The first time you open the Git panel on a group that is not yet a repository, the panel shows a setup wizard instead of the normal section view. The wizard is what lets you turn the folder into a Git repository — either by initializing a brand new one, or by cloning an existing remote into the folder.

The Empty State

The wizard screen is centered and minimal. At the top you see the heading Git Repository and the line "This directory is not connected to a git repository yet." Below that are up to two option cards and, at the bottom, a small Authenticationpanel explaining that the Git panel uses HTTPS + Token for any remote operations.

Which options are shown depends on whether the group folder already contains any flows or specs:

  • Empty folder: both Initialize New Repository and Clone Existing Repository are offered.
  • Folder already has content: only Initialize New Repository is offered, plus a one-line note reminding you that you can hook up a remote later from the Settings section. Cloning is intentionally hidden here so that an accidental clone can never overwrite flows or specs you have already created.

Initialize New Repository

This option turns the group folder into a brand new Git repository with no commits, no branches beyond the default, and no remote configured. One click is enough — there are no form fields. After it runs, the wizard disappears and you land on the normal Git panel, ready to stage and commit whatever is in the folder.

Use this path when you already have flows or specs in the group and simply want to start tracking them, or when you are starting a brand new group from scratch and plan to push it to a remote later.

Clone Existing Repository

This option is offered only for empty group folders. Clicking it expands a short form directly inside the wizard with two fields:

  • Remote URL: the HTTPS URL of the repository you want to clone. The placeholder shows the expected shape (https://github.com/team/specs.git).
  • Access Token: a password-style field with a show/hide eye button so you can check what you typed. The helper text below the field reads "Optional for saved servers and public repositories" — meaning you can leave it blank if the target repository is public, or if the host already has a token stored from a previous session.

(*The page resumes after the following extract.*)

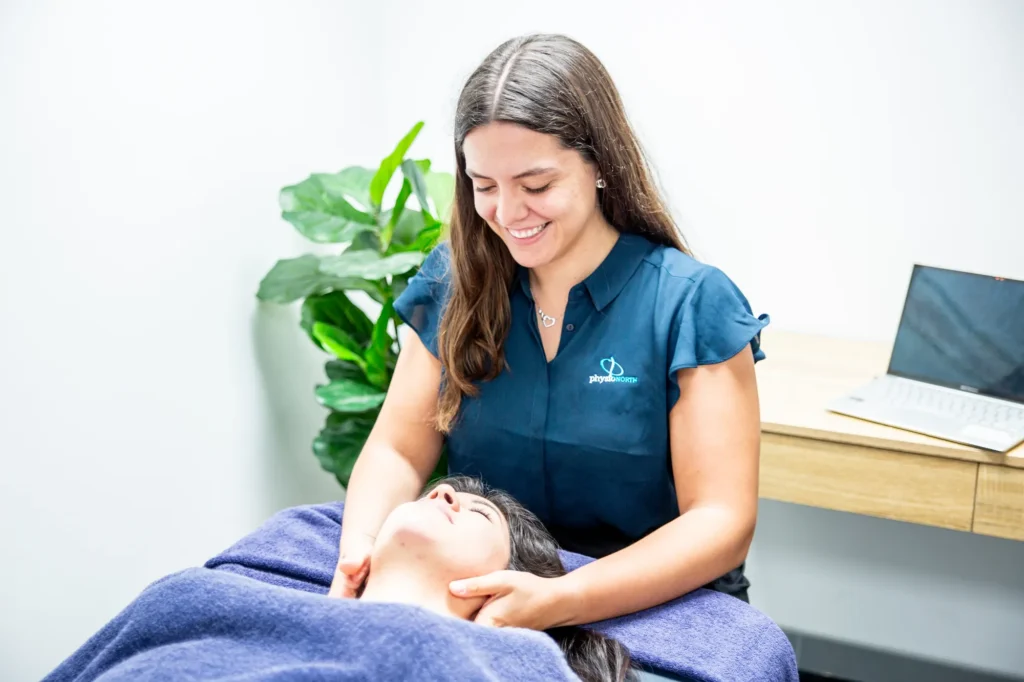 A massage therapist gently massaging a patient’s neck and shoulders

Press Enter to start the clone or Escape to collapse the form. While the clone is running the button label switches to Cloning… and the form is locked. If the clone fails — invalid URL, wrong token, network error — the message is shown in a small error box at the bottom of the wizard without closing the form, so you can fix the input and try again without retyping everything.

On success, the wizard disappears and the Git panel opens on the freshly cloned group. The access token you used is saved into the operating system's keychain under the host name, so next time you push, pull, or fetch against the same host Tigrister can pick the token up without asking you again.

Authentication Model

The Git panel authenticates to remotes over HTTPS with a personal access token. SSH key authentication is not used. This is reflected in the wizard's footer label (Authentication — HTTPS + Token) and in every other place the panel collects credentials.

  • Tokens live in the OS keychain. Tigrister stores them in the operating system's native secret store (Keychain on macOS, Credential Manager on Windows, Secret Service / libsecret on Linux). They are never written into the tracked repository or any plain config file.
  • One token per host. The token is keyed by host name (for example github.com or your internal GitLab's host and port), so a single token covers every repository on that host.
  • Clone can re-use a saved token. If you have already connected to a host before — either via a previous clone or via Settings → Quick Connect — leave the Access Token field blank and the panel will pick the saved token up automatically. This is what the "optional for saved servers" hint refers to.

The full list of saved hosts, plus how to add and remove them, lives in the Settings sub-section later in this chapter.